# [Exercise goal]
Once the line with "New York - Personalised" is found in the entries below, print it and each following line exactly, stopping after the line with "Hermes Evelyne 29"; print nothing else.

(Scraped caption text data)
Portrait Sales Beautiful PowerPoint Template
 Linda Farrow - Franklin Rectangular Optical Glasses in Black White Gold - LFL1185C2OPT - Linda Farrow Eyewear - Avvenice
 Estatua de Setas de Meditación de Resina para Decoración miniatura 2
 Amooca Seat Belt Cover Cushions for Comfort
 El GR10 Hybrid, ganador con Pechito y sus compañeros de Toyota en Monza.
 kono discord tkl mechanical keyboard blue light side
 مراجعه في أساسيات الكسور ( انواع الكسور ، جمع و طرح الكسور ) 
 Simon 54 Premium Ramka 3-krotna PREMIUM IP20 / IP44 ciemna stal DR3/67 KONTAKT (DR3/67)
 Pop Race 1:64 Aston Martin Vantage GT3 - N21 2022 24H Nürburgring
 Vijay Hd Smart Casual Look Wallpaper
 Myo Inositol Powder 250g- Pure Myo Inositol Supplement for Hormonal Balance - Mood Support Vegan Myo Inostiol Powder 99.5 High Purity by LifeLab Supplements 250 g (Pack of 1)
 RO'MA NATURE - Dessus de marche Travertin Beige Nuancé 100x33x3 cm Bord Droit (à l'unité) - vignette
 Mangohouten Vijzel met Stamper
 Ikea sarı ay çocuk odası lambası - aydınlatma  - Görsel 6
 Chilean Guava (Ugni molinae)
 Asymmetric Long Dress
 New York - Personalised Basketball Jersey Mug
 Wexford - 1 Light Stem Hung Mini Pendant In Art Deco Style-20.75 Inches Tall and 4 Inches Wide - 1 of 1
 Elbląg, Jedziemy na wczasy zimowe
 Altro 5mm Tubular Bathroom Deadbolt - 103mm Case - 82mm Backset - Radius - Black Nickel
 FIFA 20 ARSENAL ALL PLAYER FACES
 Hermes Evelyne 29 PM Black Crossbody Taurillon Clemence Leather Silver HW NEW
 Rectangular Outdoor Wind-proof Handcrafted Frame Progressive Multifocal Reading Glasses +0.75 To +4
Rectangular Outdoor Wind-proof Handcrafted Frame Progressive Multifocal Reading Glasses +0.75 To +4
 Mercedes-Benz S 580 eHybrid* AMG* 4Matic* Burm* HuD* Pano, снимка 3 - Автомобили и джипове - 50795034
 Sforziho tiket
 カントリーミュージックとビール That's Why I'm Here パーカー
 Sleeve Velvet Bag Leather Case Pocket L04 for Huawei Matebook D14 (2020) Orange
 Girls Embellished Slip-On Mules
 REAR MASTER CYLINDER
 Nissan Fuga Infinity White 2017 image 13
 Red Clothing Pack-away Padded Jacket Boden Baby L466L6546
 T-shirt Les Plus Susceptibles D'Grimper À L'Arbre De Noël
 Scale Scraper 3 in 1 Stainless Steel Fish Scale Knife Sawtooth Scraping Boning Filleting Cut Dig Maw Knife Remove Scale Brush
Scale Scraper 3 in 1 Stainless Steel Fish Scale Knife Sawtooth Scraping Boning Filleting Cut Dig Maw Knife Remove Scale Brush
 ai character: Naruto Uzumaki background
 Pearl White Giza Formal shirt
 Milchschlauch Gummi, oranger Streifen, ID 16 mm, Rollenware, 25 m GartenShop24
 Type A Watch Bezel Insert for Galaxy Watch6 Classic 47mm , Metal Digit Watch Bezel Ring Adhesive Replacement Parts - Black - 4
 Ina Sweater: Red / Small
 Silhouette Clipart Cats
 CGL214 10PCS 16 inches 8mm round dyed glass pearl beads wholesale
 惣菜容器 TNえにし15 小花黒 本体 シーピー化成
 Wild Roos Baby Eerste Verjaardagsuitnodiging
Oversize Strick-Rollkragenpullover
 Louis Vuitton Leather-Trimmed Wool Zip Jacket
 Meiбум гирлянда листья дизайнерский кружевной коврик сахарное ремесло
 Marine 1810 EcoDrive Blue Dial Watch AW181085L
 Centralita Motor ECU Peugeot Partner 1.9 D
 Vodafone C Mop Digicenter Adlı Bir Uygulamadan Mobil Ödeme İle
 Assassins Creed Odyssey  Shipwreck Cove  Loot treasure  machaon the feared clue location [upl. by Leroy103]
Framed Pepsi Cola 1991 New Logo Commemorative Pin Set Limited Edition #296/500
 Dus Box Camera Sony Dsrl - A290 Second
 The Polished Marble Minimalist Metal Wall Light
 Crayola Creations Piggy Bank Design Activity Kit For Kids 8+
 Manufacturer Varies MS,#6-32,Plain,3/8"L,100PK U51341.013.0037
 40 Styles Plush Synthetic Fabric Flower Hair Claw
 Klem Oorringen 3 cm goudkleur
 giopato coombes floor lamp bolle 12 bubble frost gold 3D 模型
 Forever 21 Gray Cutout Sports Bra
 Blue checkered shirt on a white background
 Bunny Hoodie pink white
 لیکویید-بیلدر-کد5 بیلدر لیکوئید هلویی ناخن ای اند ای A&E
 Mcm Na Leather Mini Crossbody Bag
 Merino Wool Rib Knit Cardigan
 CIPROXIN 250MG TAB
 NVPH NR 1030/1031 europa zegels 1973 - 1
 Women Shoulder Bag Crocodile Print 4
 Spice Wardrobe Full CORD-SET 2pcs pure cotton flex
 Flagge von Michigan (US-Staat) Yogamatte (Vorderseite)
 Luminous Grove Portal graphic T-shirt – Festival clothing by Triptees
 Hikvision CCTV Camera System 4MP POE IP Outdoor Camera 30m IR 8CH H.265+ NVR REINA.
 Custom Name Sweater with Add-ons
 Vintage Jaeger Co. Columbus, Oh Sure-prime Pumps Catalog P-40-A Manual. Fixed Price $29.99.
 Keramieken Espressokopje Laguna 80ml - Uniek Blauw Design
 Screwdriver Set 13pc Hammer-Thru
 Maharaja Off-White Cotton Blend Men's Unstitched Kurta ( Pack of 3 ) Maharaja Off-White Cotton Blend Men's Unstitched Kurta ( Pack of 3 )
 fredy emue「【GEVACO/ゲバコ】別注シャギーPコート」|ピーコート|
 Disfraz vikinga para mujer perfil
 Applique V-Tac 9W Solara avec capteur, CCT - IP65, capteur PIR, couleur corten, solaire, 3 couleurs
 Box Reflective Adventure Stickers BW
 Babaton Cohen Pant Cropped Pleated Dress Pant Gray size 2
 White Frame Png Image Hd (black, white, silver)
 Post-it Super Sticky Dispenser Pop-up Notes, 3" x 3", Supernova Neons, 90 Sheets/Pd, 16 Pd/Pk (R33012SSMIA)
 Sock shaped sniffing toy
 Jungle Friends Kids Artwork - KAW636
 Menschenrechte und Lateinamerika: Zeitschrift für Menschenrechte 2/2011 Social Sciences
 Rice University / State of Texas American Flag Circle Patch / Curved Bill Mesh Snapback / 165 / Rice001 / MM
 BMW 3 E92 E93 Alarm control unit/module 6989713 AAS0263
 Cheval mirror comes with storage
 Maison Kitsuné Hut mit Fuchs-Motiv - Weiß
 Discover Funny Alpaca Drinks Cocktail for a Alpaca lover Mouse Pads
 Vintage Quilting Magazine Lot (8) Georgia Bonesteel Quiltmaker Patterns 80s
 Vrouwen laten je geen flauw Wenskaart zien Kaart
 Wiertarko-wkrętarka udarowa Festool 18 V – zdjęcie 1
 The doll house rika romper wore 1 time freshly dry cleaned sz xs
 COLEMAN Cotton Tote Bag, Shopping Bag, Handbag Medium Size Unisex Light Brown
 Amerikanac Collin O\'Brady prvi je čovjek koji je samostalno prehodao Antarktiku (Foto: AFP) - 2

# [Reply to the exercise]
 New York - Personalised Basketball Jersey Mug
 Wexford - 1 Light Stem Hung Mini Pendant In Art Deco Style-20.75 Inches Tall and 4 Inches Wide - 1 of 1
 Elbląg, Jedziemy na wczasy zimowe
 Altro 5mm Tubular Bathroom Deadbolt - 103mm Case - 82mm Backset - Radius - Black Nickel
 FIFA 20 ARSENAL ALL PLAYER FACES
 Hermes Evelyne 29 PM Black Crossbody Taurillon Clemence Leather Silver HW NEW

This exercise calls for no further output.